During my single days, I was always looking for the next deal for a Miami getaway with my friends. Once I met my husband, who is also an avid traveler, we would try to go somewhere every couple of months, figuring out long weekends where I wouldn’t have to take off of work.
Now that we have kids, nothing has changed.
Both of my children have had passports since they were three months old, and that is when each of them first traveled out of the country – something they’ve been doing ever since. We take full advantage of the fact that they are both in preschool because we know once school starts their schedules will be more limited.
At their young age, we don’t travel the world. We usually do sunny islands with beaches and pools because that is their idea of fun. We also try not to go beyond five hours of traveling time. They have flown A LOT for their age, and during plane rides, they have never been that restless screaming kid – they’re chill.
As kids, of course, they have their moments of defying me or being unreasonable, but, for the most part, they’re easy-going children that just “roll with it,” and I credit some of that to traveling. When we travel, we don’t stick to our daily “schedule.” Sometimes the kids are at the pool or beach all day, and fall asleep at 5 p.m. to wake up at 8 p.m., so we’ll go to dinner at 9 p.m. Every day is a different adventure, and I make it so that they are living in the moment. This easy-going nature teaches them how to be flexible in life.
I know not everyone has the resources to travel, but the concept of vacation is more a state of mind than anything else. So, if you can’t get on a plane, take a road trip or take a train ride somewhere – just be spontaneous.
While I wouldn’t have their daily lives be unpredictable because I know kids need routine, I do, however, sprinkle in that essence of vacation throughout our “regular” daily lives every so often.
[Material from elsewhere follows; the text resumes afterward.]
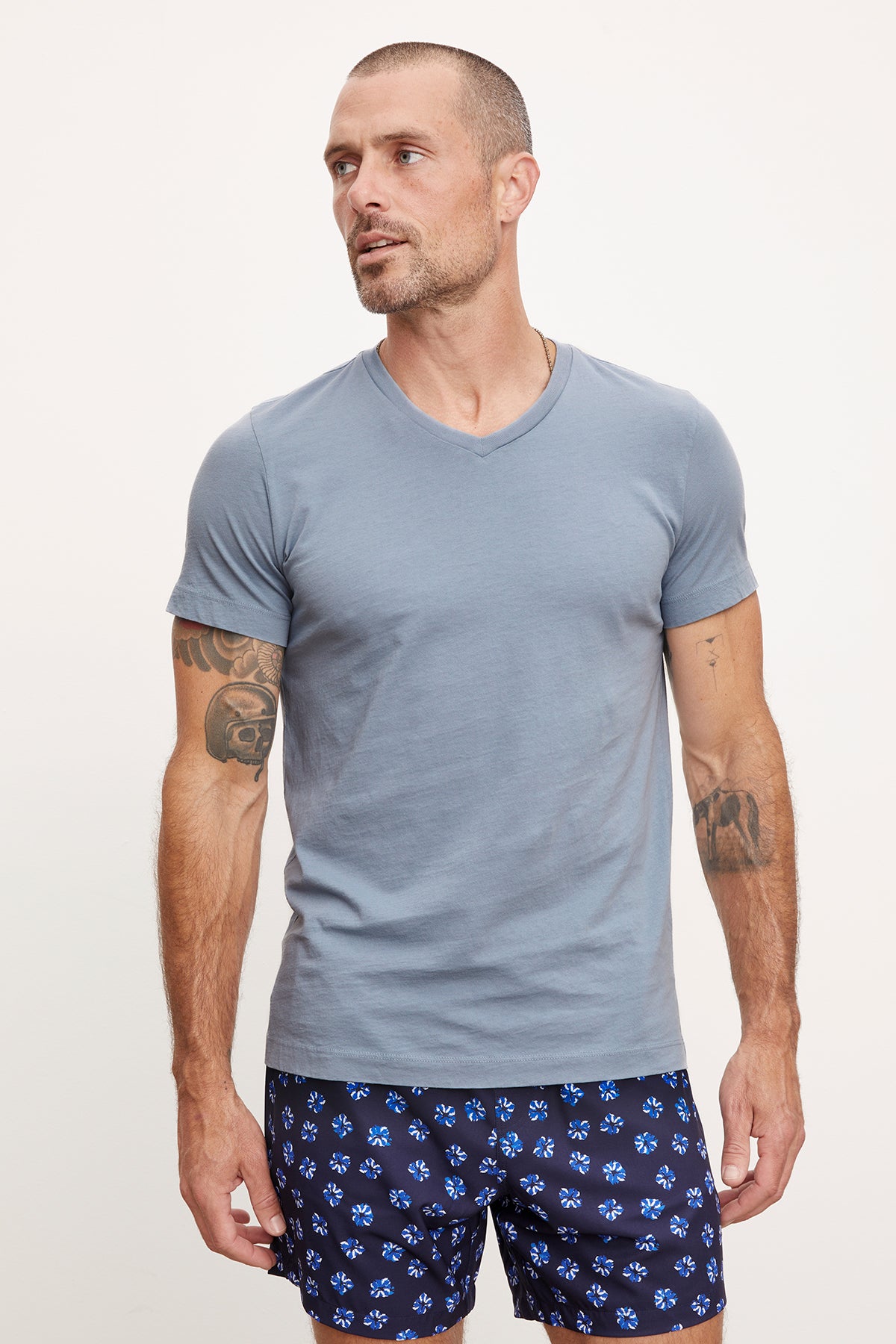   A man wearing a Velvet by Graham & Spencer MARSHALL V-NECK TEE and patterned shorts, standing against a white background with his arms at his sides. He has visible tattoos on both arms.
For example, their bedtime is 8 p.m. and, recently, their older cousin had a band performance at their school at 7:30 p.m. Part of me said, “No, we can’t go. They have to go to bed, and I have things to do around the apartment.” But I knew how much they would love it, so I just got up and told them, “Let’s hurry and get dressed. We’re going to see Louie perform!” We got home a couple of hours past their bedtime, and yes, they were tired in the morning, but they had an awesome time with their cousins, and they just went to bed earlier than usual the next night – no big deal because they’re flexible.